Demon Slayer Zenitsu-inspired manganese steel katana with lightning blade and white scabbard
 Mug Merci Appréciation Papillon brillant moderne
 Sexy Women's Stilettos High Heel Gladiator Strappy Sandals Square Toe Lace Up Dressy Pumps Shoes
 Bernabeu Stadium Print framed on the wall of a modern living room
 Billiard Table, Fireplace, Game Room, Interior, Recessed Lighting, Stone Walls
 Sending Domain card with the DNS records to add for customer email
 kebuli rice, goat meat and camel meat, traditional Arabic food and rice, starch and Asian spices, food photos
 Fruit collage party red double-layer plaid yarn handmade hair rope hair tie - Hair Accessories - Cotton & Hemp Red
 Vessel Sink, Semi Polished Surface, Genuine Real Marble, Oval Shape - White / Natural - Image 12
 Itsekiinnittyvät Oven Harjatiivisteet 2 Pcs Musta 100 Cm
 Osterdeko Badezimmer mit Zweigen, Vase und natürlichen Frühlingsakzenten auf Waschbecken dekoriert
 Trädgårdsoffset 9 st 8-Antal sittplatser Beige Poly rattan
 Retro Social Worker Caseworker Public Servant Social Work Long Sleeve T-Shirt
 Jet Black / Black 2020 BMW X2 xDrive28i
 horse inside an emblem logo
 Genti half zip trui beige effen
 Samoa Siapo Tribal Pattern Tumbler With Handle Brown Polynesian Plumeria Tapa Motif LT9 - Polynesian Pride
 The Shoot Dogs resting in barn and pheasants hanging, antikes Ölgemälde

·····

◆ **EXERCISE OBJECTIVE**
Return exactly, and only, the lines above starting at the line that contains "Sending Domain card" and ending at the line that contains "Jet Black / Black 2020 BMW X2 xDrive28i".

◆ **OUTPUT OF THE EXERCISE**
 Sending Domain card with the DNS records to add for customer email
 kebuli rice, goat meat and camel meat, traditional Arabic food and rice, starch and Asian spices, food photos
 Fruit collage party red double-layer plaid yarn handmade hair rope hair tie - Hair Accessories - Cotton & Hemp Red
 Vessel Sink, Semi Polished Surface, Genuine Real Marble, Oval Shape - White / Natural - Image 12
 Itsekiinnittyvät Oven Harjatiivisteet 2 Pcs Musta 100 Cm
 Osterdeko Badezimmer mit Zweigen, Vase und natürlichen Frühlingsakzenten auf Waschbecken dekoriert
 Trädgårdsoffset 9 st 8-Antal sittplatser Beige Poly rattan
 Retro Social Worker Caseworker Public Servant Social Work Long Sleeve T-Shirt
 Jet Black / Black 2020 BMW X2 xDrive28i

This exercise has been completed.